In 2015, the average hourly rate charged by partners at the so-called Magic Circle firms reached a new record of £850

In commercial litigation there is usually one certainty: whatever the outcome, lawyers on all sides will walk away much better off.

A report by the Centre for Policy Studies will renew the debate about the fees charged by top commercial law firms. In 2015, the average hourly rate charged by partners at the so-called Magic Circle firms reached a new record of £850. Even newly qualified solicitors at those companies are said to bill clients around £400 an hour.  

The think-tank contends that there are three reasons why hourly rates for top commercial lawyers have risen so rapidly – up from just over £500 in the year after the financial crash. First, UK tax and legal systems are ever more complex. Secondly, a lack of transparency means there is little pressure on firms to lower their prices – in other words, what people don’t know won’t hurt them (at least, until they find themselves mired in wallet-busting legal proceedings). And thirdly, the relatively small number of companies operating at the top end of the legal ladder limits the sort of competition which might drive down prices.

Commercial litigators would agree that the complexity of the law justifies their high fees and say that fundamentally the market determines what they can charge: if clients weren’t willing to foot the bill, they wouldn’t enter litigation. Well, up to a point. London prides itself on being the global capital for arranging complex commercial deals and resolving intricate legal disputes. That means there is plenty of custom for the capital’s top lawyers from the world’s super-rich. Yet those clients don’t justify the market rate; they distort it. For smaller businesses or less-wealthy individuals, the cost of entering a legal process is at best off-putting, at worst prohibitive. The upshot of this is unequal access to justice: or, to be rather more blunt, the subversion of justice simply to a battle of bank balances. That cannot be right. 

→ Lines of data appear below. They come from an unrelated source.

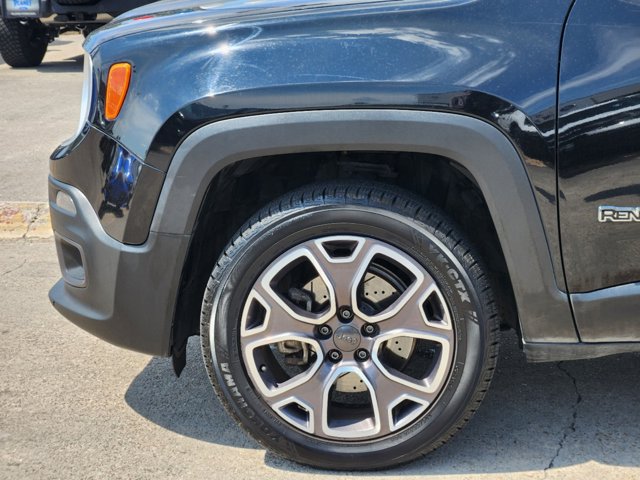 2015 Jeep Renegade Limited 7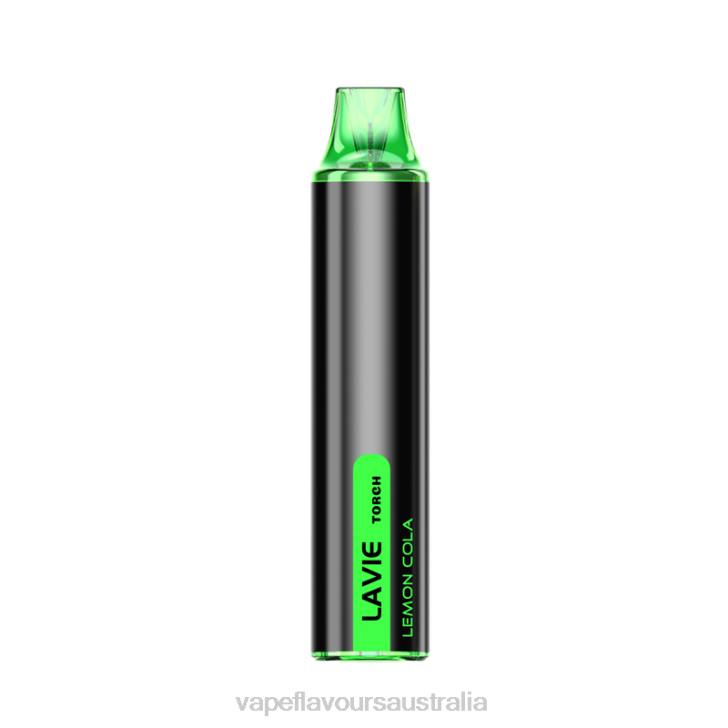 Vape Liquid - LAVIE Torch 6000 Puffs Lemon Cola J6DP130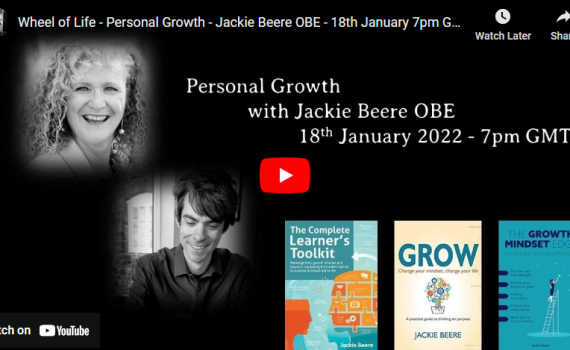 Wheel of Life – Personal Growth – Jackie Beere OBE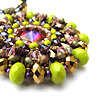 Beaded jewelry by Eva Dobos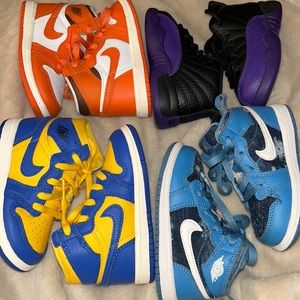 Jordan shoe bundle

Attempts have been made before to address the costs conundrum. Lord Justice Jackson’s proposed reforms in 2010 sought particularly to deal with the dilemma of conditional fee agreements, commonly known as “no win, no fee” cases, primarily in order to clamp down on the development of a compensation culture in the field of personal injury. It is debatable whether those reforms have been successful. In some instances, defendants are still effectively forced to settle cases: not because they are convinced of the merits of the claim against them, but because they can’t risk being responsible for the claimant’s exorbitant costs in the event that they fight and ultimately lose. When costs can outweigh damages by 10 to one, something is wrong.

The Centre for Policy Studies argues in favour of new proposals from Lord Justice Jackson which would see all commercial litigation move on to a fixed-fee footing, with costs capped in proportion to the value of the claim. Not everyone agrees that this would improve access to justice. High-end claimant lawyers seem particularly uneasy about the prospect, which may speak to its virtues.

Ultimately, billing by the hour feels hard to justify in the modern world. It is a system which rewards prevarication, inefficiency and delay. Frankly, it also encourages rank dishonesty among less scrupulous operators. Even more fundamental, however, is the question of whether the law is really so complex as lawyers themselves like to make out. 

Then again, what other explanation can there be for the legal profession’s tendency to use three or four words when ordinary mortals might have thought only one was necessary?